Come fanno in fretta, i servi di chi sappiamo, a replicare a conferenze stampa o a comunicati ufficiali della Juve e degli juventini. E come sempre risultano inefficaci perché risposte inutili, false, faziose o semplicemente davvero imbarazzanti.

Di fronte a quello che ormai tutti hanno capito essere il vero sistema mafioso del calcio e di cui Moggi non fa parte – ahiloro – ecco l’amara verità che suona come una gaffe. Dice Abete che

la giustizia non è a uso e consumo di nessuno.

Si riferisce alle parole molto vibranti di Andrea Agnelli e di certo si riferisce alla conferenza stampa di Antonio Conte e dei suoi avvocati.

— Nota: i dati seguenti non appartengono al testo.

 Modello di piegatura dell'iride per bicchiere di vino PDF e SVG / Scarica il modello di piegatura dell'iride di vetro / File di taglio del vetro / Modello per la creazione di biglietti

In realtà queste parole, che non servirebbero in una situazione normale, sembrano proprio la conferma che così è: la giustizia sportiva è proprio a uso e consumo di qualcuno. Di pochi, dei soliti noti. Così si evince dalle numerose situazioni in cui i milanesi (non solo milanisti, dunque) sono stati letteralmente e vergognosamente salvati, mentre i bianconeri sono stati massacrati senza prove o, per di più, con prove di segno contrario. E sempre negli anni vincenti, mai negli anni simpatici.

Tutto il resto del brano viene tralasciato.